Warnings from television manufacturers that watching the idiot box in 3D might make them not just stupider, but clumsier, appear to be unfounded.
Researchers at the University of Newcastle treated more 400 people, aged four to 82, to TV screenings of animated Pixar classic Toy Story – in traditional 2D as well as 3D.
Afterwards, their motor skills and balance were tested – tasks included walking along beams, stepping through blocks and guiding a loop of wire along a track without touching it.
The results, published today in journal Royal Society Open Science, found there was no evidence watching movies in 3D "causes a detectable impairment in balance or in visuomotor coordination".
Some TVs however come with safety information claiming not only can they cause headaches, but in the case of one Samsung 3D the researchers looked at, "motion sickness, perceptual after effects, disorientation, eye strain and decreased postural stability… altered vision, dizziness, cramps, convulsions and loss of awareness".
But, at least when it comes to 3D TVs, the study found this wasn't the case.
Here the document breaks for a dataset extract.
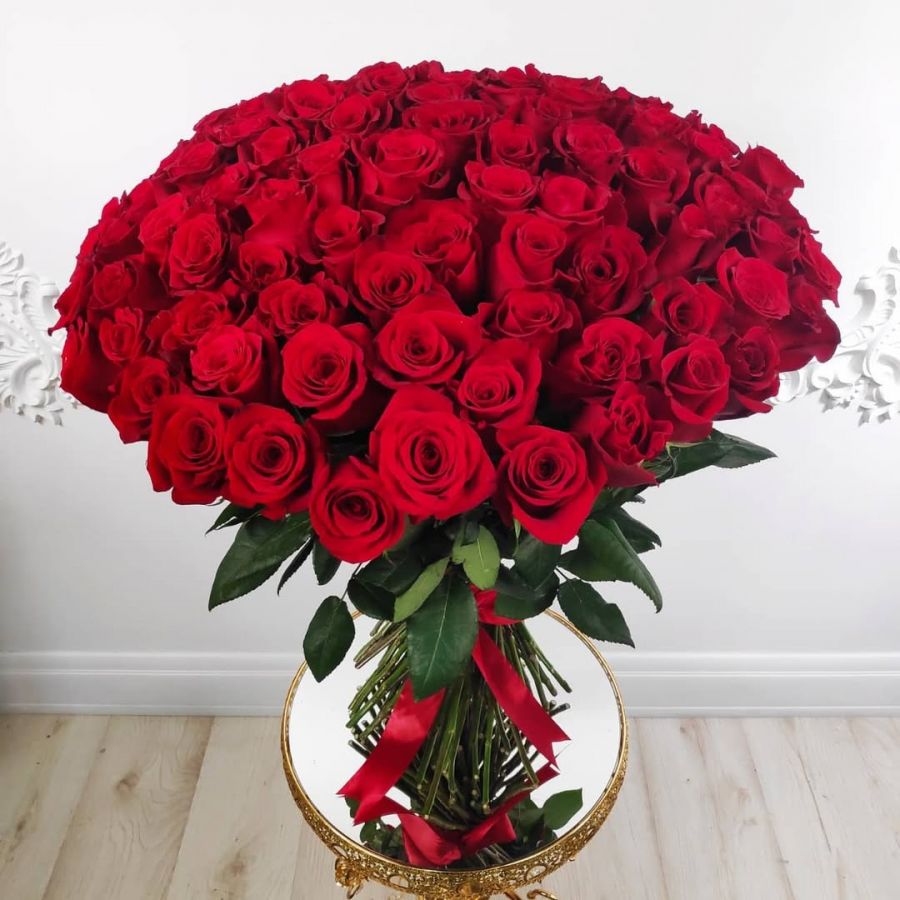 101 красная роза (Высота на выбор: от 50см до 80см)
Of the 433 participants, 66 reported adverse effects (including headaches and eyestrain), and only nine reported feeling faint or dizzy – and some of them weren't even watching 3D TV, they only thought they were.
And the data collected by the researchers during the post-movie tasks found no relationship between ill feelings and performance.
The study only looked at televisions, not the 3D cinema experience.
"We have found previously that viewers report more adverse effects with 3D television and video games than they do with cinema. This may be because the shorter viewing distance exacerbates the vergence/accommodation conflict.
"Thus, it seems unlikely that [3D] cinema would cause detectable impairments of balance and coordination, given the lack of effect of 3D TV."